> Exercise goal:
Since only the text is wanted, print every entry below exactly and omit the images.

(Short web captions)

====

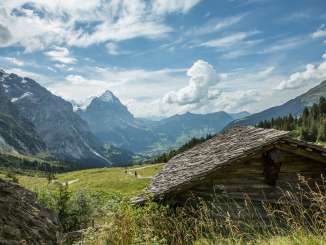 Mitten in einer grünen Wiese steht eine kleine Alphütte auf der Schwarzwaldalp. Die Aussicht reicht bis zum Eiger. Die Wanderer geniessen das schöne Wetter.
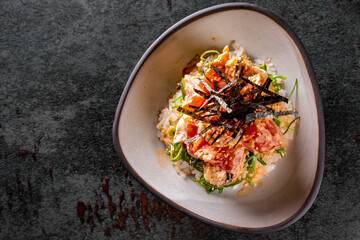 shrimp poke with rice and vegetables in bowl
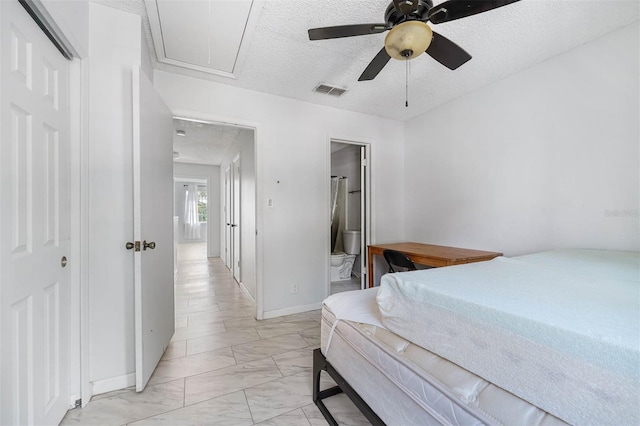 bedroom featuring ensuite bath, ceiling fan, a closet, and a textured ceiling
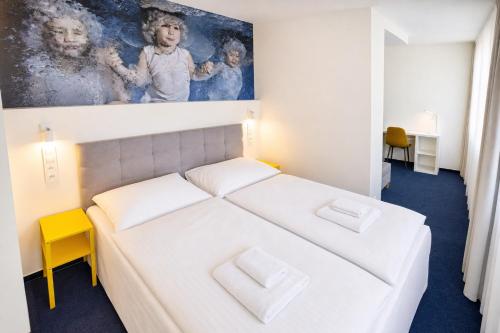 a bedroom with a white bed and a painting on the wall at Hotel CHODOV ASC in Prague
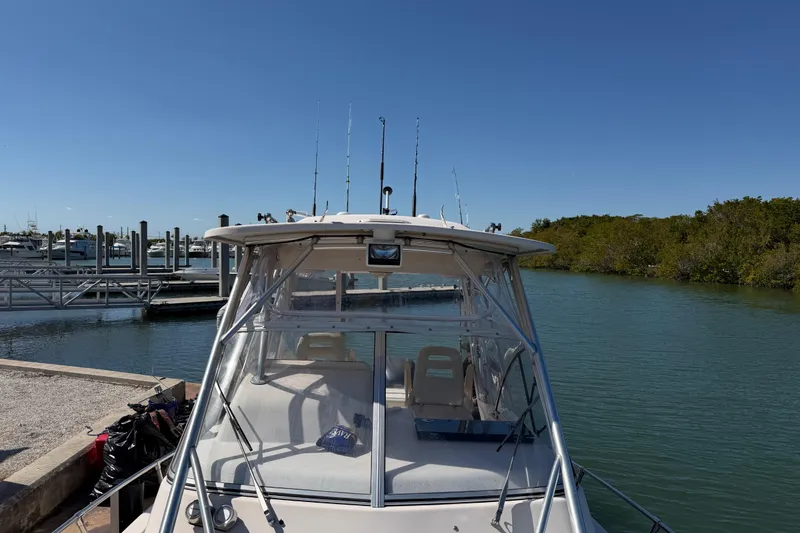 Slide: The Image of 2006 Grady-White Sailfish 282 boat docked in a serene marina setting. - 173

====

> The completed task:
 Mitten in einer grünen Wiese steht eine kleine Alphütte auf der Schwarzwaldalp. Die Aussicht reicht bis zum Eiger. Die Wanderer geniessen das schöne Wetter.
 shrimp poke with rice and vegetables in bowl
 bedroom featuring ensuite bath, ceiling fan, a closet, and a textured ceiling
 a bedroom with a white bed and a painting on the wall at Hotel CHODOV ASC in Prague
 Slide: The Image of 2006 Grady-White Sailfish 282 boat docked in a serene marina setting. - 173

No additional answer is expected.